▶ _WHAT TO WORK ON_
Give an exact copy of the data that follows, but none of its pictures.

▶ _SUPPLIED INFORMATION_

- Opening Delimiter -

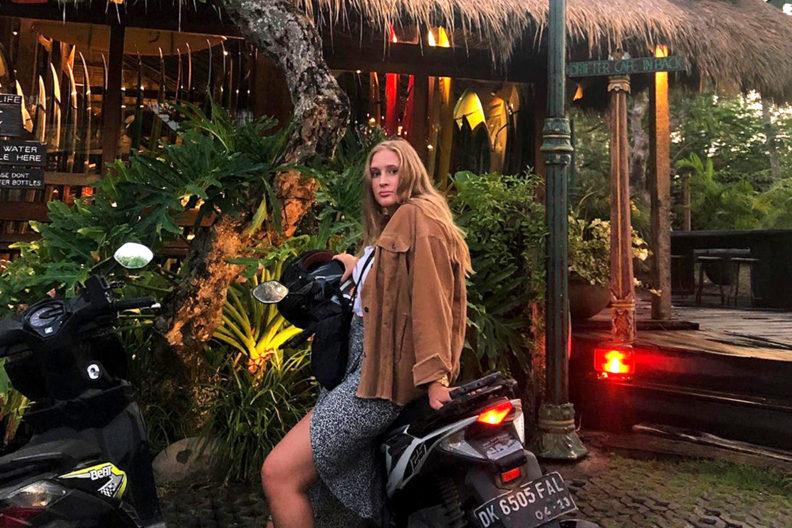 Doran sitting on a motorized scooter outside an Indonesian establishment.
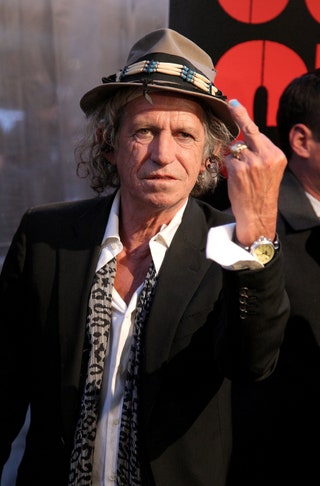 This image may contain Keith Richards Tie Accessories Accessory Suit Coat Clothing Overcoat Apparel and Human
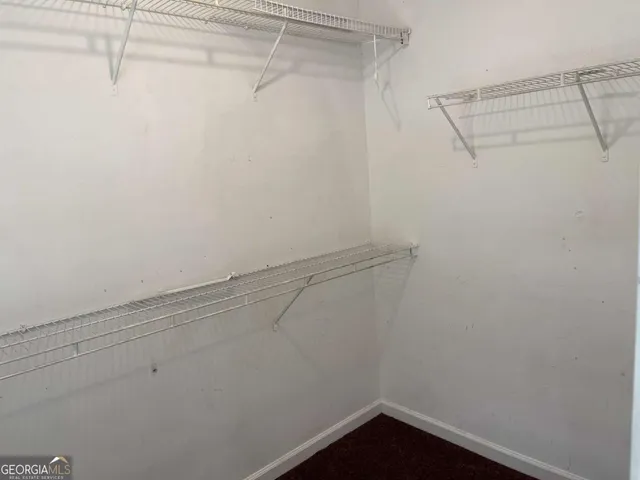 a view of a room with racks on the wall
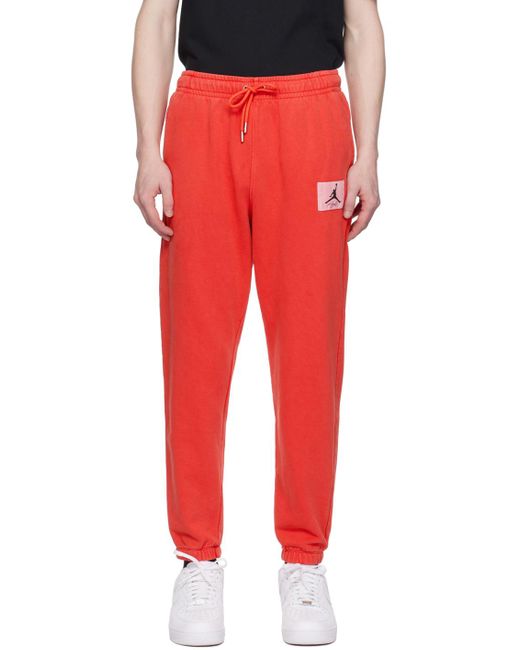 Pantalon de survêtement à effet délavé Nike pour homme en coloris Red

- Closing Delimiter -

▶ _WRITTEN SOLUTION_
 Doran sitting on a motorized scooter outside an Indonesian establishment.
 This image may contain Keith Richards Tie Accessories Accessory Suit Coat Clothing Overcoat Apparel and Human
 a view of a room with racks on the wall
 Pantalon de survêtement à effet délavé Nike pour homme en coloris Red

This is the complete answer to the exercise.